Wisconsin card sorting task tests behavioral flexibility. Subjects are first asked to sort cards based on a stimulus dimension (e.g. number), but the rule isn't told to them. Instead, they figure out the rule when the researcher says correct or incorrect based on trial and error. Part way through the trail, the rule is switched without telling the subject, now they have to sort based on a different dimension (e.g. color) and they have to realize and adapt to the new rule. Damaged dorsolateral PFC subjects are able to learn the new rule, but cannot adapt to the second and switch strategies - they display perseveration.




Rats are trained to turn in a specific direction via striatal training, with a visual stimulus placed randomly in either direction during the training. Afterwards, the reward is now placed where the visual stimulus is presented, and the rat must learn to respond to the visual cue instead and undo their striatal training. If the medial PFC is inactivated during the shift in the rule, then rats will not be able to adapt. However, inactivation during striatal training will show no impairment.




responsible for temporal organization of behavior, damaged patients are able to keep track of items, but not the order.


Tower of London: assess planning of movement sequences, PFC lesioned patients are unable to complete, or take much more moves to reach a position in as few moves as possible.


Dinner party problem: given a number of errands to run and questions to answer. Specifically told to not enter shops unnecessarily and finish tasks asap, but despite remembering and understanding rules, PFC damage patients were unable to comply. PFC damage is a deficit in integrating memory to form a plan of action, rather than a memory deficit.

Contextual fear conditioning

Mediated by the hippocampus. Give CS tone+UCS shock in a unique context. In a separate context, tone will cause freezing in normal rats, but hippocampal lesioned rats will also freeze the tone since association is due to the amygdala.


If rat is put back into context A, it will still freeze even without the tone due to hippocampal contextual learning.
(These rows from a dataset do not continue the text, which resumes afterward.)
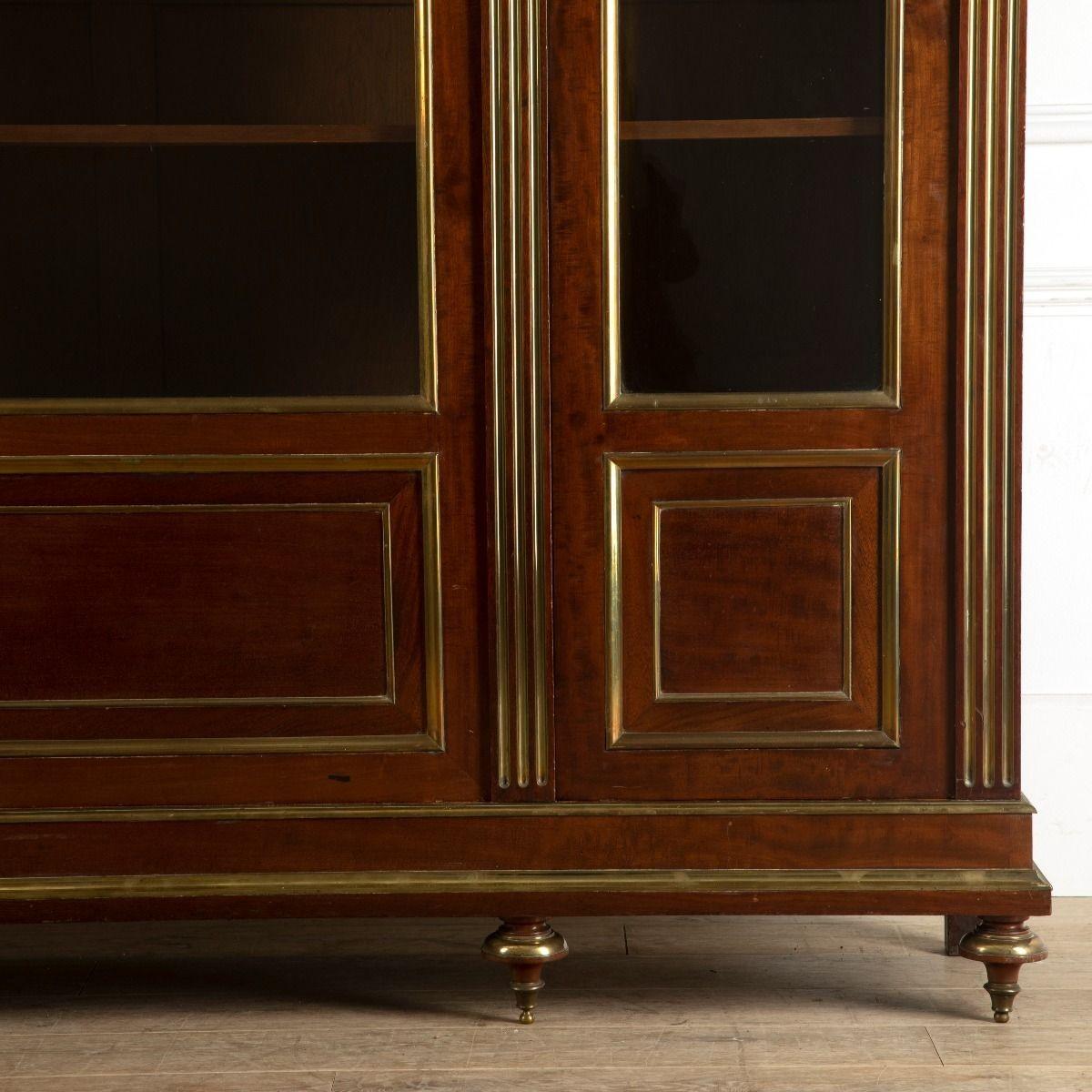French 19th Century Mahogany and Brass Bookcase For Sale 2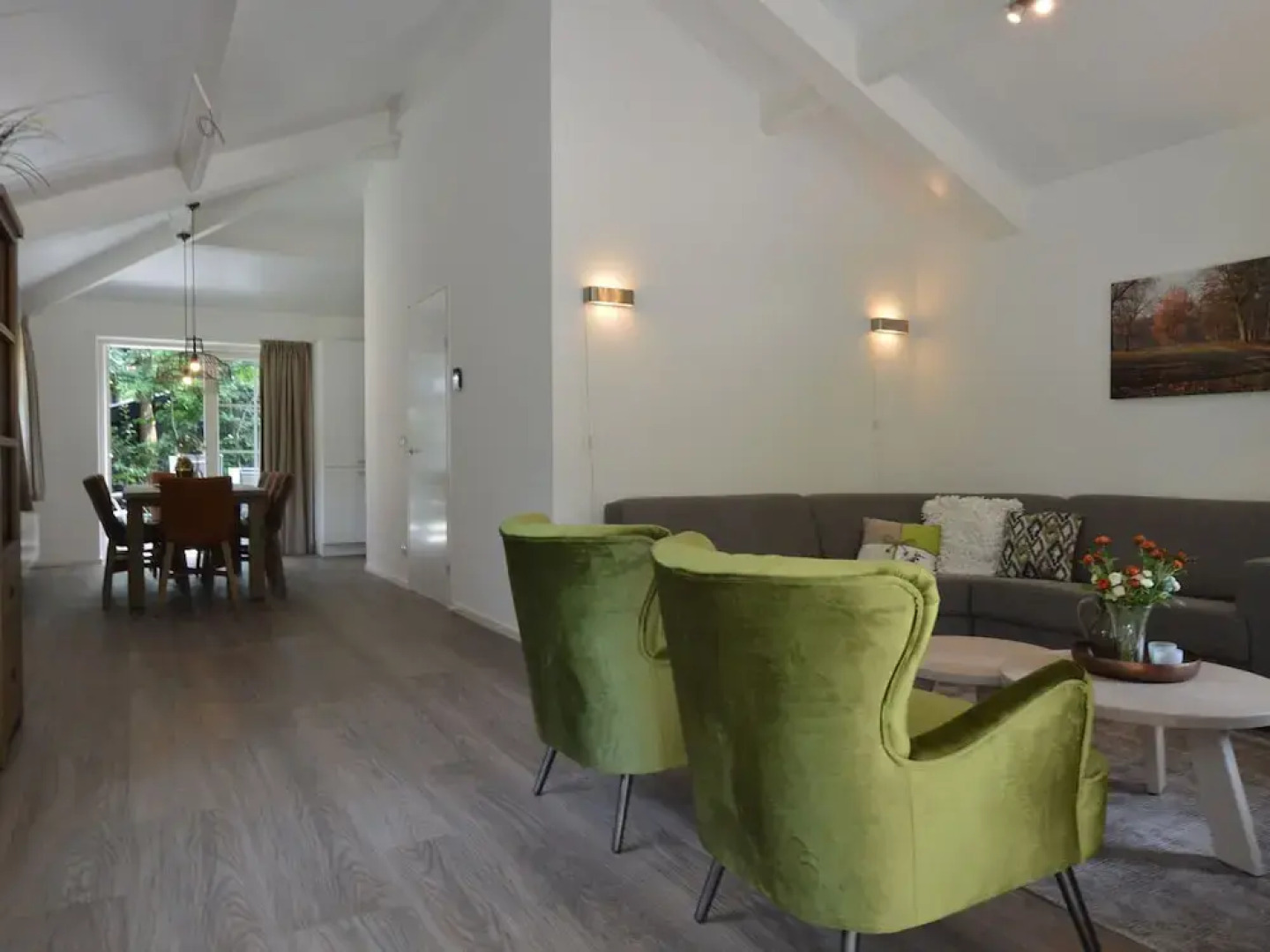 Contemporary Holiday Home on the Veluwe With Sauna and Hottub in the Garden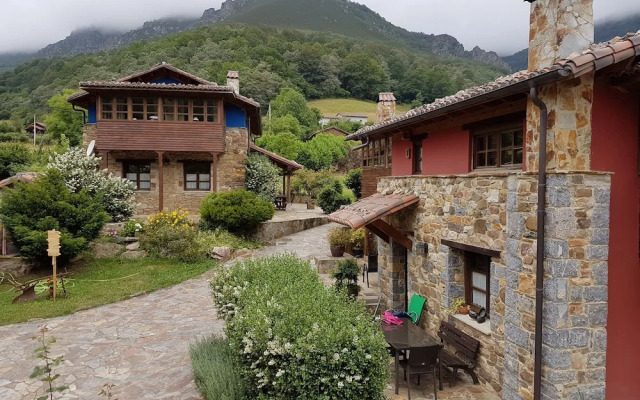 Alojamientos Rurales Valle de Bueida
This will not occur if the hippocampus is lesioned.


If both the hippocampus and amygdala are lesioned, freezing will not be seen due to neither tone nor context.

What memory system for what

Hippocampus: declarative and spatial/relational memory


Striatum/caudate nucleus/basal ganglia: procedural memory/habit forming/instrumental conditioning


Amygdala: Pavlovian conditioning, both appetitive and aversive




Triple dissociation of memory systems:


1. Using the spatial radial arm maze, rats are trained not to return to the same arm after reward is depleted. Impairment only if hippocampus is lesioned.


2. Giving a conditioned place preference test and training rats to return to the same arm as where food is given. Impairment only when the amygdala is lesioned.


3. Using a locally cued radial arm maze but with a light beam instead of spatial cues to show location of food. Impairment only when the striatum is lesioned.




Given the choice of memory system for finding food, early training termination (3 days) defaults hippocampal memory - they will seek a new place to eat food. Later than that uses the striatum - returning to the same place for food. Both systems can learn independently but in parallel with each other, with hippocampal learning being more rapid. If one system is suppressed, the other will dominate.


The same is seen with amygdala and the hippocampus - amygdala dominates after a long time of training

Schizophrenia

A family of disorders characterized by distinct symptoms, either positive, hallucinations, delusions/paranoia, and psychosis, or negative, lack of insight, cognitive deficits, blunted emotional responses. One of three core symptoms are necessary for diagnosis: hallucinations, delusions, or disorganized speech. Cognitive functioning is the #1 predictor for prognosis, though severity of psychotic symptoms are not related to severity of cognitive deficits.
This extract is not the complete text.